SMSFs looking to trade their exchange-traded funds (ETF) at this time of the year should carefully consider the tax implications for the fund, according to State Street Global Advisors (SSGA).

During the latest SPDR Bites briefing, SSGA Asia-Pacific global portfolio strategist Thomas Reif said SMSFs needed to ensure they alleviated or avoided end of financial year tax burdens.

“Coming into the end of the financial year, if you’re going to sell an ETF at this time of year, you may want to consider timing, and there are two aspects to timing,” Reif noted.

“Firstly, the long-term versus short-term gains: if you’ve held any shares, including ETFs, for less than a year, you’ll pay double the tax rate you would if you held them for more than a year, and that’s called a long-term capital gains tax cap.

“The impact of that is significant.

“For an SMSF investor, the capital gains tax rate for a short-term gain is 15 per cent and for a long-term gain it’s 10 per cent.”

Secondly, SMSFs needed to consider when exactly the ETF will be sold.

“Are you going to sell it this financial year, with benefits to realise a gain, or might it be more beneficial if you sell it next financial year?” Reif said.

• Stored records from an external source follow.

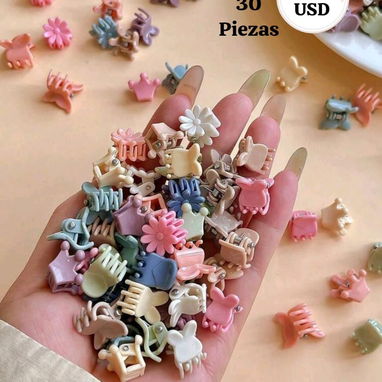 Accesorios para el cabello - 9/10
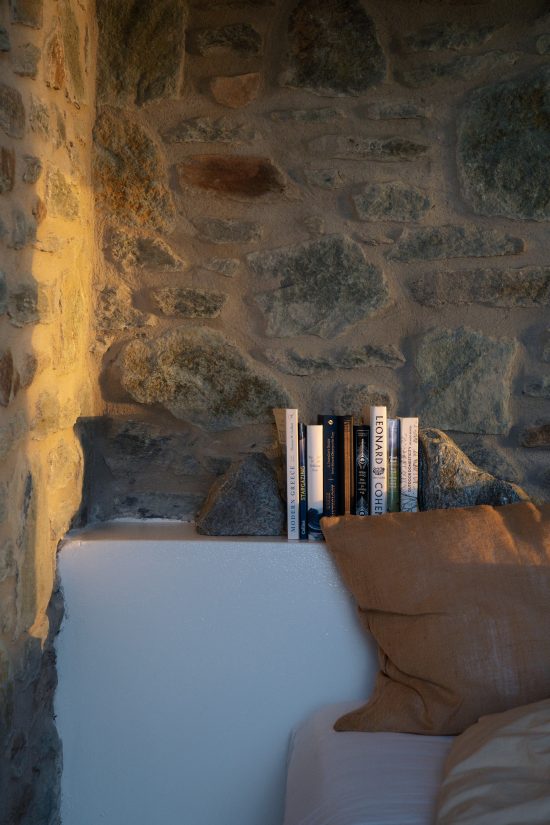 The Outdoor House_Sigurd Larsen cycladic architecture. Photo Credits Kkrom Services_view 33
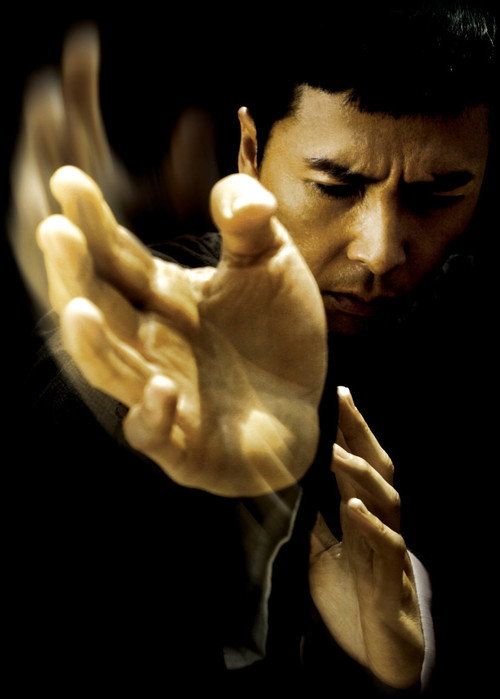 Yip Man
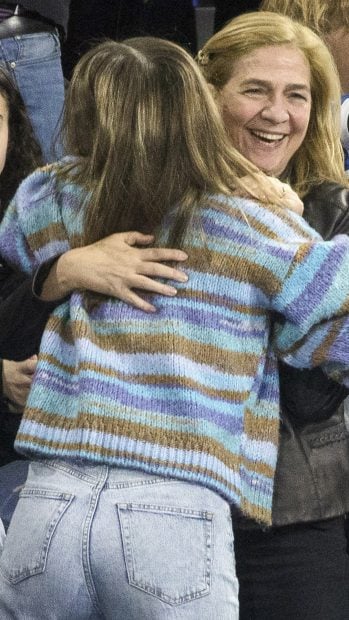 Infanta Cristina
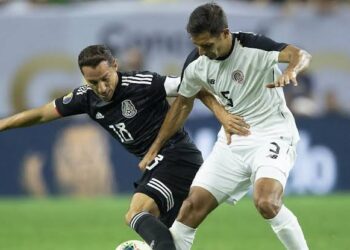México vs Costa Rica: La razón por la que se cancela el partido amistoso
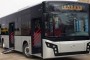 Novi dizel autobus neutrališe 90% azot oksida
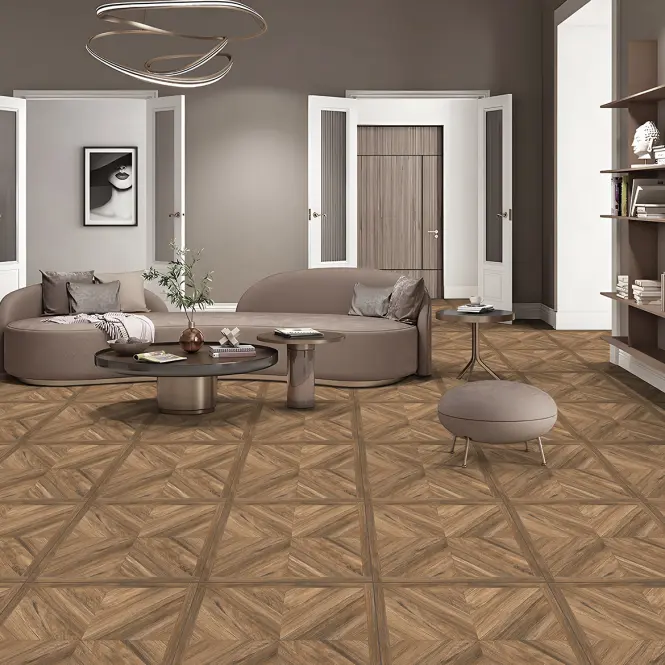 Dlažba Dicel Natural Mat 60/60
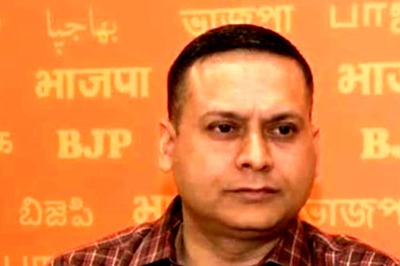 'Not A Bad Idea To Stay In Their Bunkers': BJP's Dig At Congress Over Decision To Skip LS Exit Poll TV Debates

“That’s certainly something SMSF investors need to talk about with their advisers.

“Then, also watch out for the holding period because also at this time of year, it’s the distribution periods for certain ETFs, so you need to make sure you’ve held the ETF for 45 days [in order to be eligible for franking credits].

“They’re the main considerations for SMSF investors.”

He said SSGA suggested taking on long-term investment outlooks.